*** Opening of PROVIDED MATERIAL ***

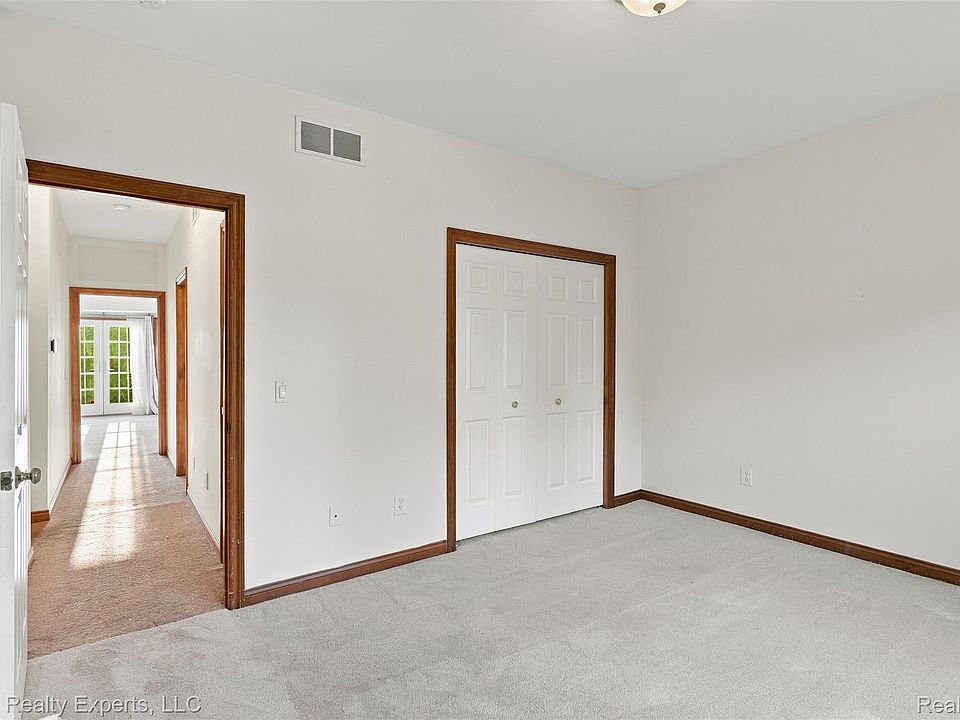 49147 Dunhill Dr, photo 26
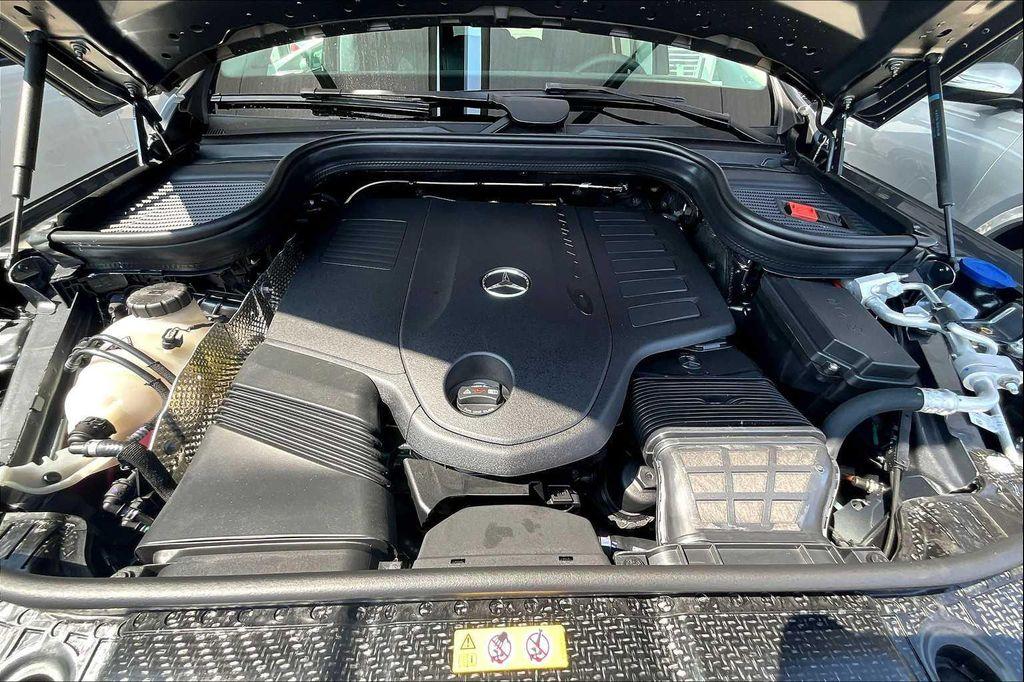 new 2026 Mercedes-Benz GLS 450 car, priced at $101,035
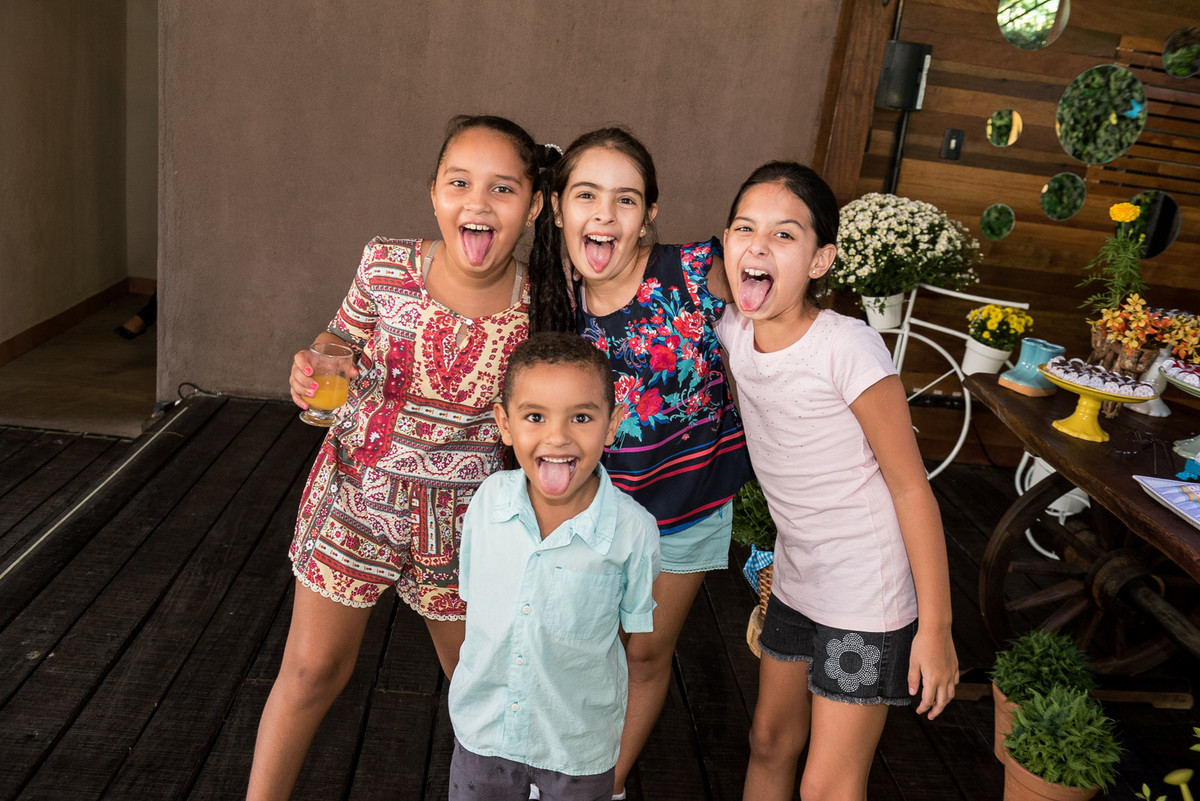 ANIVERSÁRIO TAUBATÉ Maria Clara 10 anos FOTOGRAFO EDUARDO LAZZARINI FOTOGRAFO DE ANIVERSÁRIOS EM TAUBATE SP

*** Close of PROVIDED MATERIAL ***

== WHAT THE TASK ASKS ==
Repeat the listing in full and exactly. Leave any pictures out.

== ANSWER FOR THE TASK ==
 49147 Dunhill Dr, photo 26
 new 2026 Mercedes-Benz GLS 450 car, priced at $101,035
 ANIVERSÁRIO TAUBATÉ Maria Clara 10 anos FOTOGRAFO EDUARDO LAZZARINI FOTOGRAFO DE ANIVERSÁRIOS EM TAUBATE SP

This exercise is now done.